Sawtooth Software: The Survey Software of Choice

Dual-Response MaxDiff for Anchored Scaling

MaxDiff (best-worst scaling) has been successful and popular among Sawtooth Software users. It is a powerful and flexible scaling technique for scoring multiple items. In each question, respondents are shown typically four or five items and are asked to mark which item is best and which is worst (or most important/least important). It takes longer to complete a MaxDiff questionnaire than a ratings grid on the items. But, the results typically are worth the extra effort.

Despite all the benefits of MaxDiff, an issue that sometimes leads to concern is that the scores are placed on a relative (ipsative) scale rather than an absolute scale. For example, for each respondent, we obtain a priority ordering of items on an interval scale. But, each question only allows respondents to say which item is best and which is worst. Respondents cannot tell us that most or all the items are really good, or most or all the items are really bad. This means that the scale is not anchored to any meaningful reference point, such as a point indicating zero preference or a threshold indicated the boundary between good and bad items.

Some pretty sophisticated models that fuse traditional rating data with MaxDiff choices have been proposed and presented at our conferences. These are challenging to implement, and they also rely on the problematic ratings question (such as the 5-point scale).

The inventor of MaxDiff, Jordan Louviere, made a suggestion at the last Sawtooth Software regarding the relative scaling quandary. We followed up with him regarding details, and validated his approach with a methodological study (“Anchored Scaling in MaxDiff Using Dual-Response,” available in our Technical Papers Library at www.sawtoothsoftware.com).

Jordan’s idea is very straightforward.

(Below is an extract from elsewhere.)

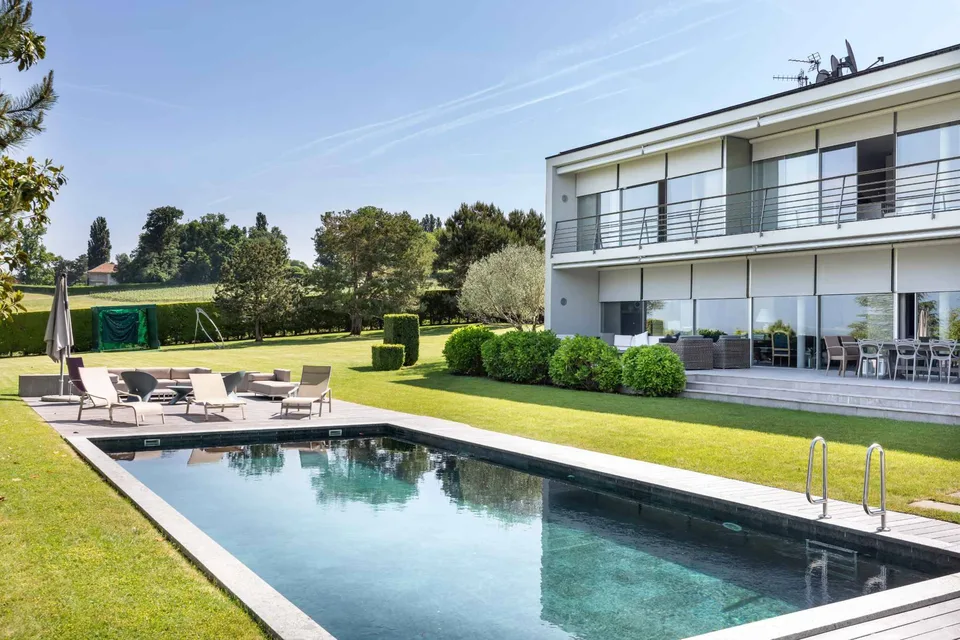 Contemporary villa in Cologny with lake and Jura view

Rather than trying to resolve the relative scaling issue with a sophisticated model fusing rating scale data with choice data, he simply adds another (a “dual”) choice question to each MaxDiff task.

After asking which item is most and least important, Jordan suggests that we ask another question (directly below the standard MaxDiff question):

Considering just these 4 features...
        O   All 4 are important
        O   None of these 4 are important
        O   Some are important, some are not

Our research suggests that this dual-stage add-on question only takes an additional 3 seconds on average per MaxDiff question.

The dual-response gives us the data to establish an anchor point for the scaling of items: the utility threshold between items deemed important vs. not important. For example, a respondent can express that most of the items are unimportant or most of the items are important. The “zero-point” in the resulting scores indicates the boundary between unimportant and important items. Items judged not important carry negative scores, and those that are important carry positive scores.

With existing SSI Web software, it’s very easy to add a dual-response question to MaxDiff tasks. But, analysis requires modifying the data file prior to submitting the data for Latent Class or HB estimation. The details for doing this are described in the white paper we referenced earlier in this article.

We are generally pleased with this approach, and plan to offer it as an option in a future version of MaxDiff software.